CHICAGO — One troubled local school district in Michigan has seen its ratings sink into junk territory while another could be heading toward a state-mandated takeover.
Moody’s Investors Service this week stripped the Pontiac School District of its investment-grade rating, dropping its general obligation unlimited-tax rating to Ba2 from Baa1.
The rating agency maintained its negative outlook on the district, warning that it would likely remain under pressure for the next one to two years. Moody’s also cut the district’s general obligation limited-tax rating to Ba3 from Baa2.
The downgrades affect $15.7 million of GO limited-tax debt, which is a first budget obligation.
The school district is located in the troubled city of Pontiac, one of Michigan’s three municipalities under state-mandated emergency management.
Analysts warned that the district will continue to face pressure from revenue declines due to falling taxable value, enrollment, and state aid. Like the rest of the city, the school district relies heavily on General Motors and Chrysler for tax money, exposing it to volatility in the domestic automobile industry. Aggravating the problem is the district’s lack of a permanent finance director, Moody’s said.
Meanwhile, the state Treasurer on Thursday announced that Gov.
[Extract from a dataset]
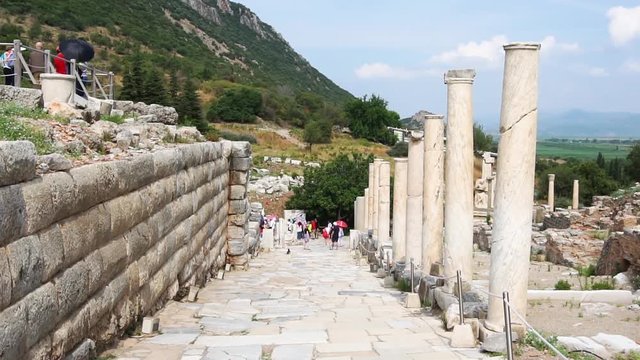 EPHESUS, TURKEY - JUNE 20, 2018 : Ruins in historical ancient city Ephesus with restoration and people around on cloudy sky in Izmir, Turkey.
Rick Snyder has appointed a review team to examine the Highland Park School District, a step toward a potential state takeover under Public Act 4, the state’s emergency management law.
The move comes a few weeks after the Michigan Department of Education conducted a preliminary review of the school district’s finances and found “probable financial stress.”
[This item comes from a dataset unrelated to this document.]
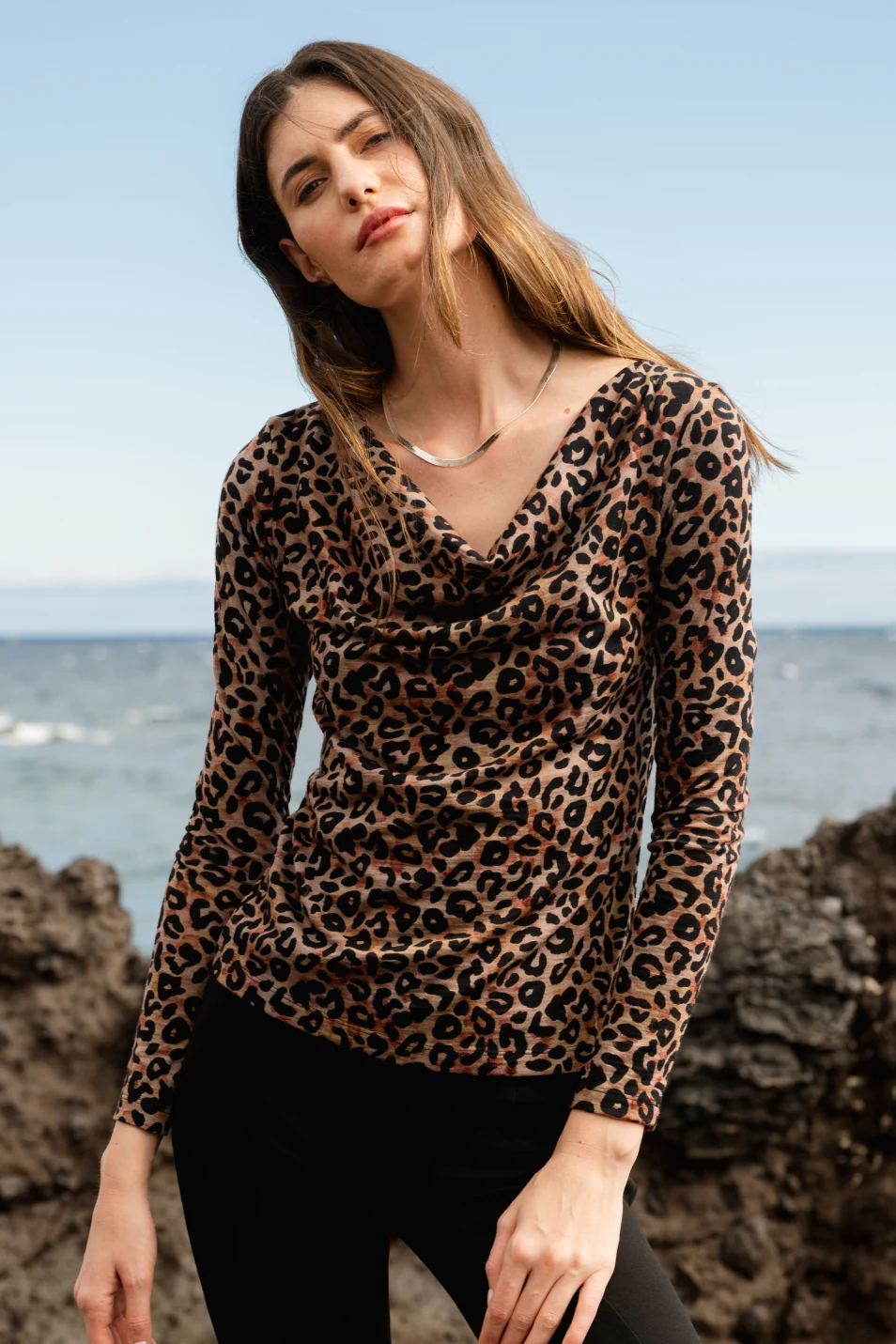Kobieta z długimi brązowymi włosami ma na sobie bluzkę z długim rękawem w lamparcie cętki i czarne spodnie, stojąc na zewnątrz w pobliżu skalistego terenu z oceanem i niebem w tle.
The preliminary review found several problems, including recurring fund deficits and a general fund deficit that is greater than 15% of general fund revenues.
“One of the overarching goals of Public Act 4 is to identify potential financial problems sooner,” Snyder said in a statement. “The state was able to get earlier, better, and more relevant financial information than what might otherwise have been the case. I’m certain this team will conduct a thorough review as quickly as possible.”
The 10-member review team needs to report its findings within 30 days.